Living as we do in this multicultural world, we cannot afford to let such statements go without responding to them. Such statements hurt a lot of people and commit violence to their core sentiments. We have to be able to counter them effectively. In other words, we have no choice but to engage with the orthodoxy, to make them understand that if they continue to be dogmatic in their approach, they lose out in the end --they alienate their following, and their allies, and they are in the unenviable position of having to keep on playing "catch up" with the sentiments of the people. It is one thing for Hindu organisations to protest this letter. That is one important dimension. However, it is quite another level of engagement if the top level Clergy present here were to write a letter to educate the Russian Archbishop. If this can be done, then there is a great deal accomplished. It sets a precedent, where no religion can be openly discredited causing hurt to its followers, because we follow the universal matrix of norms, the dharma of ahimsa or non-injury. This intra-clerical and inter-clerical dialogues and interventions are extremely important to reshape the normative standards of religious engagement in the contemporary world, if we are indeed to go beyond paying lip service to the issue of inter-religious dialogue.

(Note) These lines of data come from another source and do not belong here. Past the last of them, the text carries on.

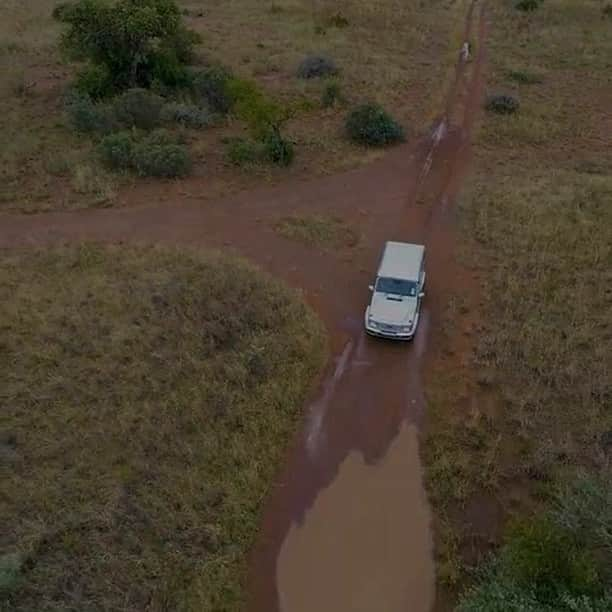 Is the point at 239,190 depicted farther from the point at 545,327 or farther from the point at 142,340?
the point at 545,327

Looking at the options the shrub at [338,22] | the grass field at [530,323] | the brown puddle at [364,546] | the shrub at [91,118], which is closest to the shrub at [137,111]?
the shrub at [91,118]

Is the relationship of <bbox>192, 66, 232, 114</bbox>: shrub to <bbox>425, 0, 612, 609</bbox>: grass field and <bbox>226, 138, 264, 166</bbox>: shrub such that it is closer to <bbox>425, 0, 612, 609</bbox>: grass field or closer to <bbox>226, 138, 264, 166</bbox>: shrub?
<bbox>226, 138, 264, 166</bbox>: shrub

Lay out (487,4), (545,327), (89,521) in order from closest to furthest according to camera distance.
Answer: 1. (89,521)
2. (545,327)
3. (487,4)

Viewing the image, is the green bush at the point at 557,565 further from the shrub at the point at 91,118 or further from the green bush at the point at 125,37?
the green bush at the point at 125,37

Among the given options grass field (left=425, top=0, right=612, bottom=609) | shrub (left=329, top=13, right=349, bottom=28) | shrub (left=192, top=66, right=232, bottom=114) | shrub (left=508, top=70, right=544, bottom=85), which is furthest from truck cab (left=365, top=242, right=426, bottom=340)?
shrub (left=329, top=13, right=349, bottom=28)

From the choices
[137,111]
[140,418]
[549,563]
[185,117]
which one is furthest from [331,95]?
[549,563]

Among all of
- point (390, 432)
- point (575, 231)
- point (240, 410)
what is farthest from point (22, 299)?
point (575, 231)

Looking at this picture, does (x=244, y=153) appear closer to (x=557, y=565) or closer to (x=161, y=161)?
(x=161, y=161) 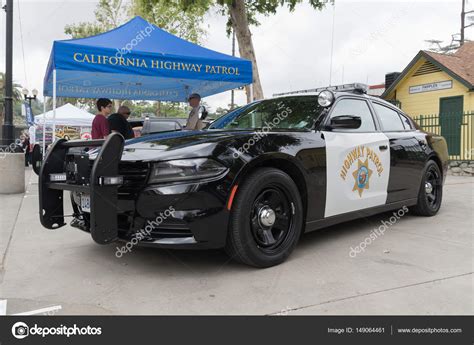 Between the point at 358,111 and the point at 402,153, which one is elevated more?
the point at 358,111

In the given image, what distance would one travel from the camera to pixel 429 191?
5.48 metres

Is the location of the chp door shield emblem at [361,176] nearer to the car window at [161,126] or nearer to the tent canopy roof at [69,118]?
the car window at [161,126]

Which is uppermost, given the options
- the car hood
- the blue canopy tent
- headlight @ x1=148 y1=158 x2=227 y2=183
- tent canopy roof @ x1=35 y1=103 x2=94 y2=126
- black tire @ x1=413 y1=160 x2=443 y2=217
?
the blue canopy tent

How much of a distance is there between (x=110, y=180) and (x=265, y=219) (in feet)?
4.00

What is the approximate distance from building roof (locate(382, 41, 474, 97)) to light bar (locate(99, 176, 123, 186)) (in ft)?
46.4

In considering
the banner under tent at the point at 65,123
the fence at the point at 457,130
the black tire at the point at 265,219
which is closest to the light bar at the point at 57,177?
the black tire at the point at 265,219

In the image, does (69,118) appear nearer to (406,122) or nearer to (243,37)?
(243,37)

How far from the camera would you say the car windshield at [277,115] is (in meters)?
4.02

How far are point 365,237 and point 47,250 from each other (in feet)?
10.8

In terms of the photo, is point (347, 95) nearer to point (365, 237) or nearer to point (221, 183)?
point (365, 237)

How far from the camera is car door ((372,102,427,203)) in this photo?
465cm

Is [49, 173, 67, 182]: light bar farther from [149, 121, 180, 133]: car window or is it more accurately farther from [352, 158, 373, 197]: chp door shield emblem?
[149, 121, 180, 133]: car window

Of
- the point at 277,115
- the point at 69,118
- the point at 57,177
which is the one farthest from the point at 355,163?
the point at 69,118

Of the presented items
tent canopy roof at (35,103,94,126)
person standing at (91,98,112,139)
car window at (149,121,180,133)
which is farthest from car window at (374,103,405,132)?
tent canopy roof at (35,103,94,126)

In this way we can stand together as a body to discredit practices and believe systems that come in the way of fostering mutual respect and spirit of open dialogue. I cite this example of the Archbishop’s letter, not to target the practitioners of any religion but to show how we can come together and aid one another to coexist peacefully, and, if we constitute a strong indivisible body, that represents religious diversity, we have the collective responsibility to take care of this body. I borrow the organic example from my illustrious teacher, Swami Dayananda, to whom I owe this whole talk. In another context, Swami Dayananda said that if anything happens to the little finger, then the whole person hurts and is in pain; one cannot say that it is not one’s responsibility. It should be the same way with regard to all religious traditions. This attitude can be cultivated only when we are willing to understand that the so called “other” no only has the right to exist, but that upon the existence of this "other" is dependent my own survival, and well being. Only when there is survival, can there be the question of living together peaceably, and thinking about reshaping an alternative “covenant” based on what is just, what is fair, and what is ultimately good for the whole. Thank you.